The Council’s Service Manager, Environmental Health, and Public Protection (SMEH) presented a report on the draft Gambling Policy Statement 2023 – 2026, following period of formal consultation between October and December 2022, in respect of the version of the policy which was considered by the Licensing and Regulatory Committee on 3 October 2022. The representations received during the consultation period and the officer response to these were appended to the report. There were no fundamental or significant amendments as a result of the representations made; the changes made were simply to provide greater clarification on specific matters across the policy statement.
In response to questions posed by the Committee, the SMEH stated that:
· It was important to distinguish between those who were anti-gambling and those were opposed to the specific Policy in question. Frequently, those who were anti-gambling wished to see a “no gambling premises policy”, which was simply not possible due to the statutory aim to permit gambling premises applications, where there was no evidence to suggest they would undermine the statutory licensing objectives. The law required that each application must be considered on its merits. Whilst she and her team were very aware of the risks of gambling related harm, they had to work within the legislative framework when drafting the policy and worked very closely with the Council’s Insights team to develop a policy that was as localised as possible, by basing it on the Council’s Local Area Profile.
· The Local Area Profile detailed factors such as the levels of deprivation in the Borough, and the associated risks of gambling related harm and the draft Policy sought to put the onus on applicants to demonstrate how they would mitigate such risks.
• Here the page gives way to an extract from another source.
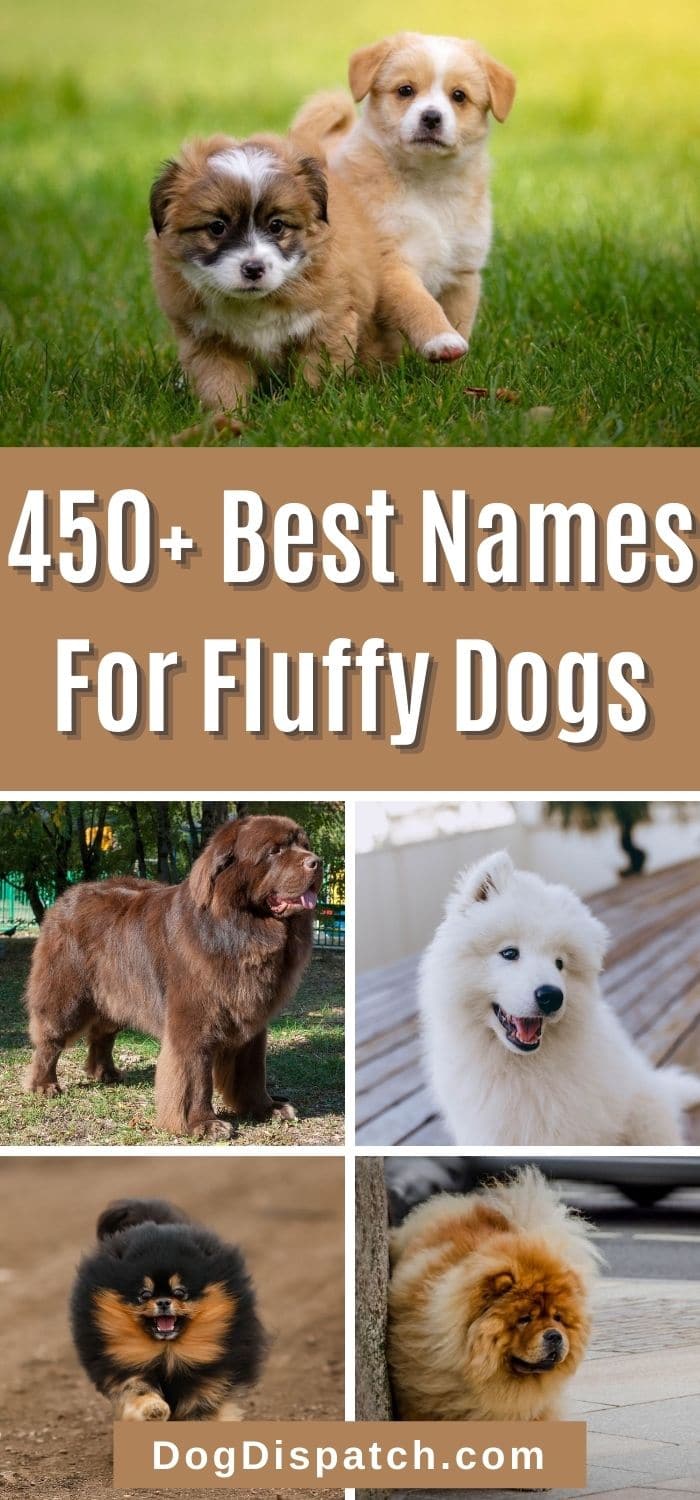 450+ Best Names For Fluffy Dogs (2022 Updated) - Dog Dispatch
This meant that applicants that were part of a national chain would need to demonstrate how their application reflected local risks, rather than simply regurgitating their standardise policies and conditions;
· She would confirm outside of the meeting, whether The OneBorough Voice webpage, which hosted the consultation survey, had the option for respondents to select their preferred language;
· With regards to the comment in the draft Policy that “The Act introduces a range of permits which are granted by licensing authorities, intended to provide a ‘light touch’ approach to low level ancillary gambling”, the SMEH stated that this referred to premises where, for example, gaming machines were provided as an ancillary activity, and the main regulated activity was something else, such as the sale of alcohol; and
· The full detail of those who were consulted was provided within the report but in summary, those described as responsible authorities under the Act, voluntary groups, local licensed operators, members of the public, the Council’s Public Health team and councillors were invited to comment on the policy. Whilst only 12 responses had been received to the consultation, the responses represented a range of opinions, as opposed to a one-sided view, which had sometimes been the case in the past. She agreed that for future updates to the policy, more thought could be given to how to engage better with residents and local stakeholders around the policy.